The Millennium Development Goals form an ambitious agenda for reducing poverty and improving lives formulated by world leaders at the United Nations Millennium Summit in September 2000. The idea of identifying and setting international development goals for implementation across nations did not start with the MDGs. The UN had been doing it since the first “Development Decade” in the 1960s. However, no comprehensive process and mechanism had been put in place to monitoring progress in achieving these goals at the country level. Instead, the mechanisms of accountability were weak and scattered into different commissions and bodies that do not communicate with each other.

During the United Nations Economic and Social Council (ECOSOC) session on the Integrated Follow-up of Major UN Conferences and Summits held in May 1998, the President of the Council, Ambassador Juan Somavía, reported that

“… in order to effectively monitor progress in the implementation of conferences at the country level, there is an urgent need for the multilateral system to develop a coherent set of basic indicators, as well as the need to strengthen the capacity of the UN system and of countries to collect and analyze statistics.”

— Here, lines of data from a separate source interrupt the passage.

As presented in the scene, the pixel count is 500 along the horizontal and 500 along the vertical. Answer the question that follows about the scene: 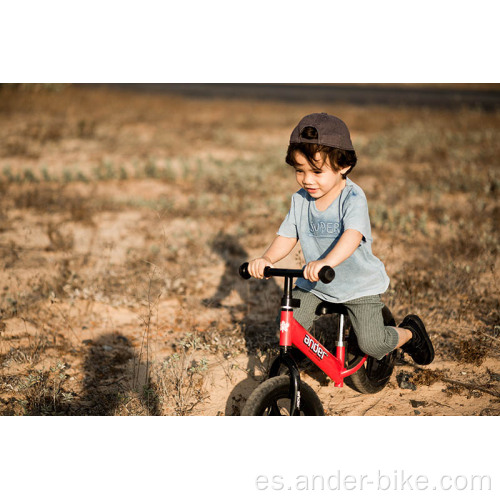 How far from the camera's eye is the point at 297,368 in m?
2.87

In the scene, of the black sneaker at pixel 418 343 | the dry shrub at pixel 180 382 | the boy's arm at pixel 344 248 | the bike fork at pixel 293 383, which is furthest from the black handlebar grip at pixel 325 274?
the dry shrub at pixel 180 382

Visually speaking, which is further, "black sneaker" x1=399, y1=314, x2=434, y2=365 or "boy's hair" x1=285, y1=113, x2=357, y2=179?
"black sneaker" x1=399, y1=314, x2=434, y2=365

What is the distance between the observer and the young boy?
305 centimetres

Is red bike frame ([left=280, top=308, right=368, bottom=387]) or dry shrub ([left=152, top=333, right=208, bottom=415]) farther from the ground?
red bike frame ([left=280, top=308, right=368, bottom=387])

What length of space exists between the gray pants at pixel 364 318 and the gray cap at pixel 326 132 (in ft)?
3.42

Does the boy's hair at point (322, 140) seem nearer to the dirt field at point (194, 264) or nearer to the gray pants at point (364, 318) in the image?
the gray pants at point (364, 318)

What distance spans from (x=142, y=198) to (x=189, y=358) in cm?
499

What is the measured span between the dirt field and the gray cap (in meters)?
1.88

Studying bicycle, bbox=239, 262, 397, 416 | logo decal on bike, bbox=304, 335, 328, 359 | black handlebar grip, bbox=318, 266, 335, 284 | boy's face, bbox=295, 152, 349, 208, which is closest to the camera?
black handlebar grip, bbox=318, 266, 335, 284

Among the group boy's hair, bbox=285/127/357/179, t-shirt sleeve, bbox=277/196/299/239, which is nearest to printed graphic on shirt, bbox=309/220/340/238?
t-shirt sleeve, bbox=277/196/299/239

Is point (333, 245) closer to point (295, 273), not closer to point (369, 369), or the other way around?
point (295, 273)

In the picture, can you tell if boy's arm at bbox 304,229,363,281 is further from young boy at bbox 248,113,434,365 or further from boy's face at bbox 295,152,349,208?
boy's face at bbox 295,152,349,208

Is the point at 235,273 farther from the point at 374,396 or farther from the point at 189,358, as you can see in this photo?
the point at 374,396

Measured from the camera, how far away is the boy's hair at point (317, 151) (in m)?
3.03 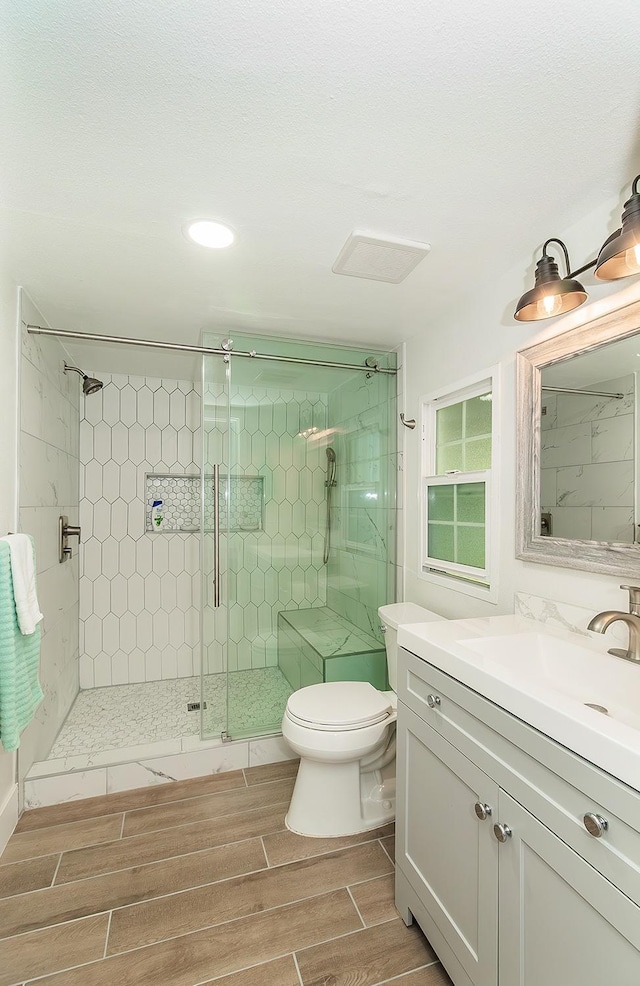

During the Millennium Summit held in New York in September 2000, all 189 UN Member States adopted the Millennium Declaration, which contained a core group of goals and targets. The Millennium Declaration updates many of the development goals originally set (and not met) for the year 2000 and reformulates them for the year 2015. It also gives UN endorsement to the goal of “halving extreme poverty,” originally formulated by the OECD,” by the same date.